Research on clustering and discrimination of stock data and text data

All points in the figures are labeled with different colors and categories for each stock (e.g., "Kweichow Moutai," "Laobaigan Liquor," "China Merchants Bank," etc.). Overall, tSNE preserves local structure well, resulting in clearer separations between clusters, but may introduce some noise. SPCA and UMAP have more concentrated cluster distributions after dimensionality reduction, with relatively clear boundaries, making them suitable for scenarios requiring better interpretation of large-scale features. Although PCA preserves the principal components of the data, its clustering performance seems inferior to the other three methods.

The classification performance of the original data was very poor. Directly using SVM improved the performance, but it was far from sufficient. Sparse principal component analysis (SPCA) effectively extracted key features during the dimensionality reduction process, further improving classification accuracy. Particle swarm optimization (PSO) was used to optimize the SVM parameters, significantly improving the model's classification performance. While preserving local data features, t-SNE combined with PSO and SVM achieved the best classification results, achieving an accuracy of 74.07%, significantly exceeding the other methods.

[Picture]

A document term frequency matrix (DTM) was created, and the number of occurrences of each word in each document was obtained. The code was used to extract the top eight most frequent terms in each document and construct a new matrix to reduce data sparsity while retaining important features. A text model was trained using the word2vec method, with the input data being the text file named corpus_E.txt. The model's word embedding dimension was 1024, and the number of iterations was 100. The predict function was used to find the top 20 words with the closest lexical connections and record their embedding vectors. The top 20 words of the same topic were grouped together.
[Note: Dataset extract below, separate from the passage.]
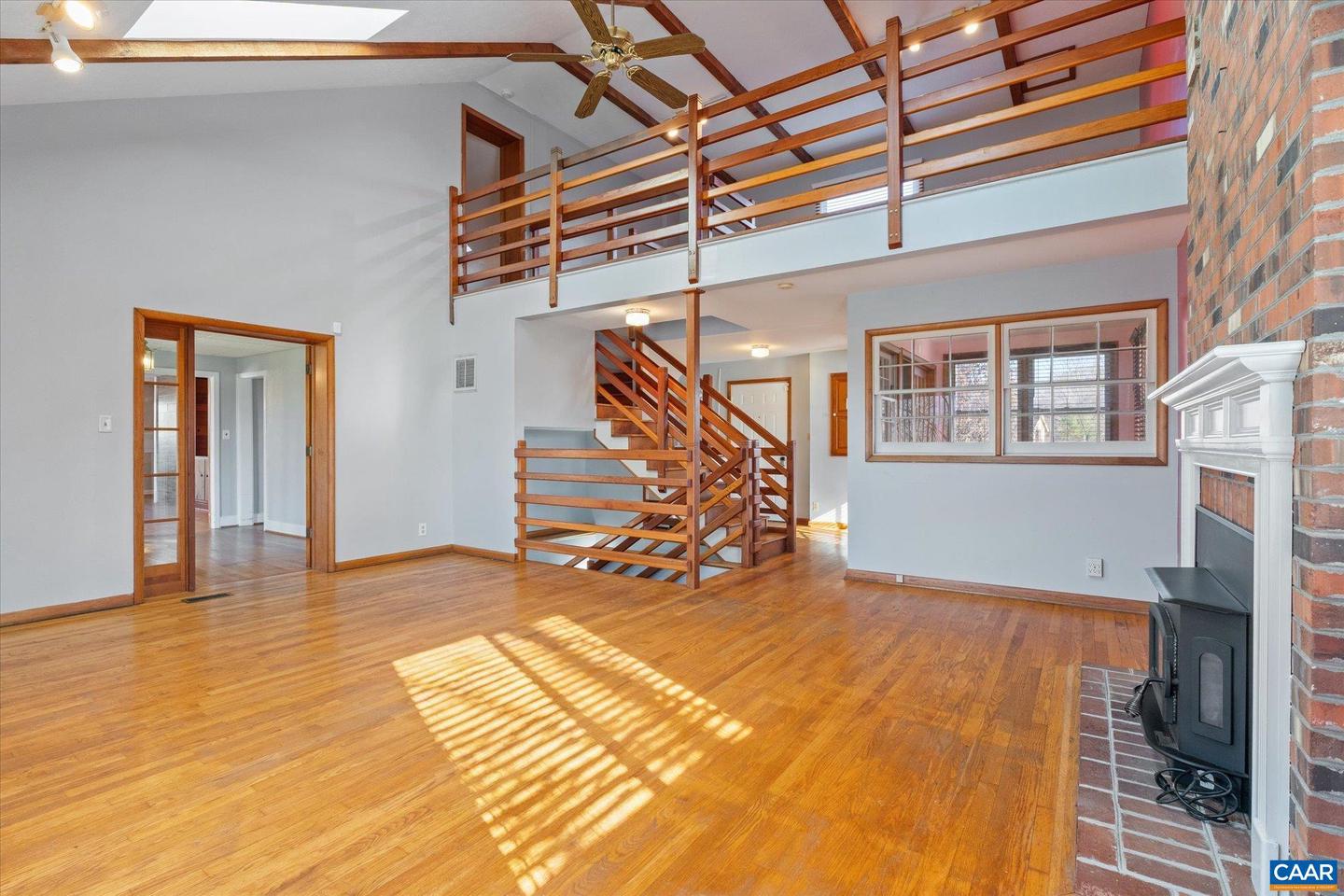 989 & 991 CROZET AVE, CROZET, Virginia 22932, 2 Bedrooms Bedrooms, ,3 BathroomsBathrooms,Residential,For sale,989 & 991 CROZET AVE,671724 MLS # 671724 989 & 991 CROZET AVE, CROZET, Virginia 22932, 2 Bedrooms Bedrooms, ,3 BathroomsBathrooms,Residential,For sale,989 & 991 CROZET AVE,671724 MLS # 671724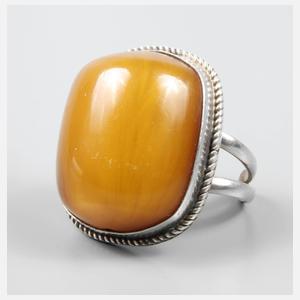 Damenring mit Bernsteinimitat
Sparse principal component analysis (SPCA) was used to reduce the dimensionality of the two methods. The reduced data was then clustered using the K-means method, dividing the documents into several subgroups. It is not difficult to see that the data was more easily clustered using the embedding vectors.

Without any parameter optimization, the SVM classification performance was poor, with an accuracy of 0. After introducing PSO, the accuracy improved to 55.56%. Optimizing the SVM model parameters through PSO improved model performance to some extent, but the ability to represent data features was still limited. The word embeddings generated using Word2Vec captured the semantic information of the words, and after dimensionality reduction using SPCA, the SVM model achieved 100% classification accuracy. Choosing the right feature representation method and model optimization techniques is crucial for improving classification and clustering accuracy.

[Picture]